24 a) Gemäß dieser Norm soll nach der Intention des Gesetzgebers insbesondere aus dringenden humanitären Gründen über § 36a AufenthG hinaus im Einzelfall auch Angehörigen der Kernfamilie subsidiär Schutzberechtigter eine Aufenthaltserlaubnis erteilt werden können. Solche Gründe sind anzunehmen, wenn die Aufnahme des Familienangehörigen sich aufgrund des Gebots der Menschlichkeit aufdrängt und eine Situation vorliegt, die ein Eingreifen zwingend erforderlich macht. Dies gilt zum Beispiel beim Bestehen einer erheblichen und unausweichlichen Gefahr für Leib und Leben des Familienangehörigen im Ausland. Die dringenden humanitären Gründe im Sinne des § 22 AufenthG können sowohl beim bereits im Bundesgebiet befindlichen Schutzberechtigten als auch beim im Ausland befindlichen Familienangehörigen vorliegen (BT-Drs. 19/2438 S. 22).

25 Dringende humanitäre Gründe im Sinne des § 22 Satz 1 Alt. 2 AufenthG liegen zum einen dann vor, wenn sich der Ausländer aufgrund besonderer Umstände in einer auf seine Person bezogenen Sondersituation befindet, sich diese Sondersituation deutlich von der Lage vergleichbarer Ausländer unterscheidet, der Ausländer spezifisch auf die Hilfe der Bundesrepublik Deutschland angewiesen ist oder eine besondere Beziehung des Ausländers zur Bundesrepublik Deutschland besteht und die Umstände so gestaltet sind, dass eine baldige Ausreise und Aufnahme unerlässlich sind. Sie sind aber zum anderen auch dann gegeben, wenn besondere Umstände des Einzelfalles eine Fortdauer der räumlichen Trennung der Angehörigen der Kernfamilie des subsidiär Schutzberechtigten mit Art. 6 Abs. 1 und 2 Satz 1 GG nicht länger vereinbar erscheinen lassen.

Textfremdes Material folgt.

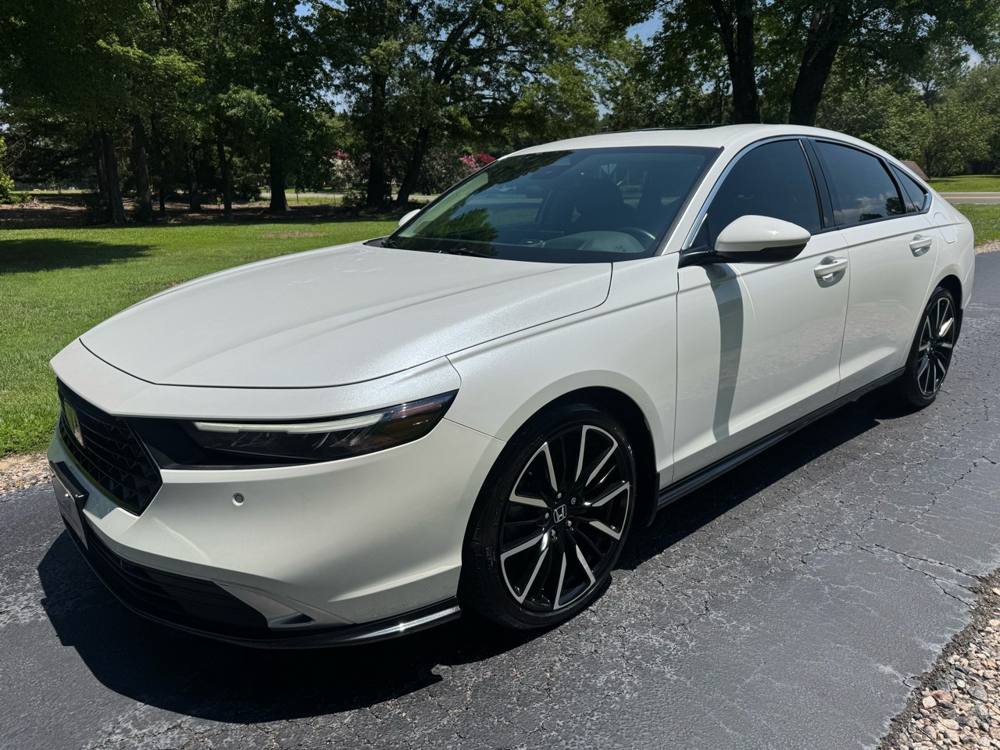 2023 Honda Accord Hybrid — photo 2 of 41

Der Zeitpunkt, ab dem den Ehegatten und ihren minderjährigen ledigen Kindern eine weitere Trennung nicht länger zuzumuten ist, ist wiederum maßgeblich davon abhängig, ob diesen eine (Wieder-)Herstellung der familiären Lebensgemeinschaft in dem Aufenthaltsstaat der Nachzugswilligen möglich und zumutbar ist. Die Schwelle, bei deren Erreichen die Versagung einer Familienzusammenführung im Bundesgebiet mit Art. 6 Abs. 1 und 2 Satz 1 GG schlechthin unvereinbar ist, aus humanitären Gründen mithin ein - vom Kontingent des § 36a Abs. 2 Satz 2 AufenthG unabhängiger - Aufenthaltstitel nach § 22 Satz 1 AufenthG zu gewähren ist, liegt indes höher als jene, die durch Annahme eines Ausnahmefalles in den Fällen des § 36a Abs. 3 Nr. 1 AufenthG den Zugang zu einer (kontingentgebundenen) Auswahlentscheidung (§ 36a Abs. 2 Satz 2 AufenthG) eröffnet (BVerwG, Urteil vom 17. Dezember 2020 - 1 C 30.19 - BVerwGE 171, 103 Rn. 49). Soweit die Berücksichtigung einer familiären Notsituation im Rahmen des § 22 Satz 1 AufenthG im Hinblick auf eine verfassungskonforme Anwendung von § 36a AufenthG geboten ist, erfordert dies keine von den genannten Maßstäben abweichende, insbesondere erweiternde Auslegung. Vielmehr können besondere, aus der Berücksichtigung des Kindeswohls und der familiären Situation im Einzelfall resultierende Umstände als dringende humanitäre Gründe für einen Familiennachzug berücksichtigt werden.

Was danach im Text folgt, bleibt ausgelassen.